What is being asked:
Each line of the material below is to be given again exactly.
____ Data section
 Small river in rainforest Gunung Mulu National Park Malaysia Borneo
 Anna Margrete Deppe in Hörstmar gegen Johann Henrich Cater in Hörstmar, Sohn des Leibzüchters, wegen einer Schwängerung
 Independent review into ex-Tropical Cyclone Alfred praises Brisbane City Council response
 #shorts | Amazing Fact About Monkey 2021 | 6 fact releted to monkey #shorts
________
Answer to this exercise:
 Small river in rainforest Gunung Mulu National Park Malaysia Borneo
 Anna Margrete Deppe in Hörstmar gegen Johann Henrich Cater in Hörstmar, Sohn des Leibzüchters, wegen einer Schwängerung
 Independent review into ex-Tropical Cyclone Alfred praises Brisbane City Council response
 #shorts | Amazing Fact About Monkey 2021 | 6 fact releted to monkey #shorts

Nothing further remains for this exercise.